Cardima (Fremont, California) has received FDA 510(k) clearance for what is essentially the first half of its two-pronged approach to treatment of atrial fibrillation (AF). The company reported receiving approval of its system to create scars in cardiac tissue during heart surgery using radio frequency (RF) energy. The Cardima Surgical Ablation System provides surgeons with an option to replicate the results of the surgical Maze procedure for treatment of atrial fibrillation (AF), an open-chest, highly invasive treatment only done in conjunction with heart valve repair/ replacement or coronary bypass surgery. On what could be a short-term horizon is the potential approval of the company's Revelation Tx system for creating scars from inside the heart, which Cardima has submitted to the FDA. It was granted expedited review in November 2002. "Revelation Tx will be the primary product," said Ron Bourquin, chief financial officer. But he added that the 510(k) clearance for ablating the outside of the heart is "incremental" and "opens up the surgical application for this particular technology." Bourquin said the company was able to take the less-rigorous 510(k) route because the application applied for specifically replicates the results of the well-established procedure of electrosurgery. Technologies competing to replace the scalpel as the tool of choice for the surgical Maze process include various energy sources that heat or cool the tissue, both attempting to destroy the cells creating the aberrant electrical patterns that cause AF. Using radiofrequency energy to heat the tissue has been practice for many years, and it is a safe, predictable energy source, according to Cardima. "This is a new alternative for the cardiovascular surgeon," Bourquin said, one that has normally been available only to electrophysiologists. Now, he says, the cardiovascular surgeon can do the ablating with the RF tool, rather than a scalpel, in conjunction with other procedures, or even perform it laparoscopically as a stand-alone procedure.

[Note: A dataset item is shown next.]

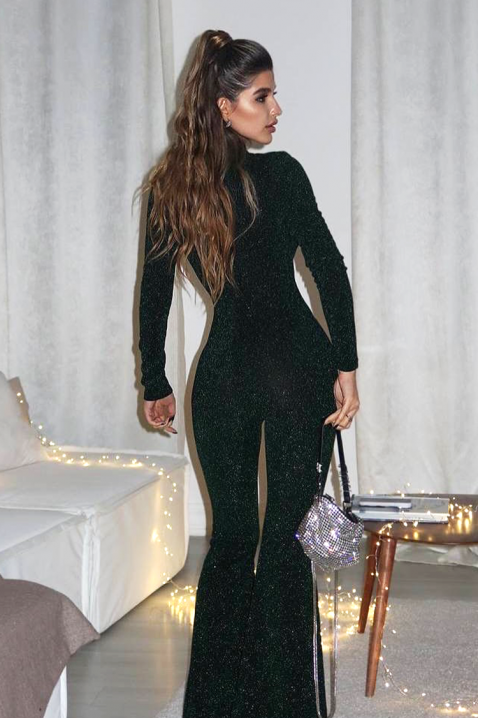 Kombinezon ELONDANA GREEN, Kolor : zielony, IVET.PL - Modna odzież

Compumedics (Fridley, Minnesota) said the FDA has granted approval to market the company's portable Somte sleep-cardiology recording system in the U.S. The potential market for Somte in the U.S. is estimated to be of the order of $130 million a year. The company already has been approved to market Somte in Canada, the European Union, Australia and Japan. Somte is a lightweight medical recorder that combines features of diagnostic sleep systems and cardiac recorders. The combination of the technologies addresses the mounting evidence of the correlation between sleep disordered breathing and cardiovascular disease.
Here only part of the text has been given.